=== Begin Enclosure ===
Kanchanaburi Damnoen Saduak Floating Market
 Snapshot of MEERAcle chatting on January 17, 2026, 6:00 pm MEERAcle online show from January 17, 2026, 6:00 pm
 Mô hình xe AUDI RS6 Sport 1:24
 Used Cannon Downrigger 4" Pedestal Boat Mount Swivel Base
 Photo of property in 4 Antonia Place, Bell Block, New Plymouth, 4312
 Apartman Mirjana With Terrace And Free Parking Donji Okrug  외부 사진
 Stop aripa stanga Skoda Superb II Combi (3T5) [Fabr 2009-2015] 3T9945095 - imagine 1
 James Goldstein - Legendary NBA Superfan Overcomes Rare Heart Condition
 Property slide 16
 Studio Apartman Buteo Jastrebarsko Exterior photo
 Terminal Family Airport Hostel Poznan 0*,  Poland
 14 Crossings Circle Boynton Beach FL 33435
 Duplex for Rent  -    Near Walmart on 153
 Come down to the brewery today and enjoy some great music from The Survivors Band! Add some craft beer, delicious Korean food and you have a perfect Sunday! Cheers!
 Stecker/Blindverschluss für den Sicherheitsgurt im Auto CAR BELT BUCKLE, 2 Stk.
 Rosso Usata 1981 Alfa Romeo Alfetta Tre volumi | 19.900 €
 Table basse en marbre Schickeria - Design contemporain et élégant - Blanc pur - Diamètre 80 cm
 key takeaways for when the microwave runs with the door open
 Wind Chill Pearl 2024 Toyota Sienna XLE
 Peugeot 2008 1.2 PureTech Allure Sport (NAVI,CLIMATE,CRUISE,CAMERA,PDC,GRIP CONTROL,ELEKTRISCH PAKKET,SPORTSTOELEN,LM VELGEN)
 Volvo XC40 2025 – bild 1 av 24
=== End Enclosure ===
Your task is to transcribe the listing above in full and exactly.

Kanchanaburi Damnoen Saduak Floating Market
 Snapshot of MEERAcle chatting on January 17, 2026, 6:00 pm MEERAcle online show from January 17, 2026, 6:00 pm
 Mô hình xe AUDI RS6 Sport 1:24
 Used Cannon Downrigger 4" Pedestal Boat Mount Swivel Base
 Photo of property in 4 Antonia Place, Bell Block, New Plymouth, 4312
 Apartman Mirjana With Terrace And Free Parking Donji Okrug  외부 사진
 Stop aripa stanga Skoda Superb II Combi (3T5) [Fabr 2009-2015] 3T9945095 - imagine 1
 James Goldstein - Legendary NBA Superfan Overcomes Rare Heart Condition
 Property slide 16
 Studio Apartman Buteo Jastrebarsko Exterior photo
 Terminal Family Airport Hostel Poznan 0*,  Poland
 14 Crossings Circle Boynton Beach FL 33435
 Duplex for Rent  -    Near Walmart on 153
 Come down to the brewery today and enjoy some great music from The Survivors Band! Add some craft beer, delicious Korean food and you have a perfect Sunday! Cheers!
 Stecker/Blindverschluss für den Sicherheitsgurt im Auto CAR BELT BUCKLE, 2 Stk.
 Rosso Usata 1981 Alfa Romeo Alfetta Tre volumi | 19.900 €
 Table basse en marbre Schickeria - Design contemporain et élégant - Blanc pur - Diamètre 80 cm
 key takeaways for when the microwave runs with the door open
 Wind Chill Pearl 2024 Toyota Sienna XLE
 Peugeot 2008 1.2 PureTech Allure Sport (NAVI,CLIMATE,CRUISE,CAMERA,PDC,GRIP CONTROL,ELEKTRISCH PAKKET,SPORTSTOELEN,LM VELGEN)
 Volvo XC40 2025 – bild 1 av 24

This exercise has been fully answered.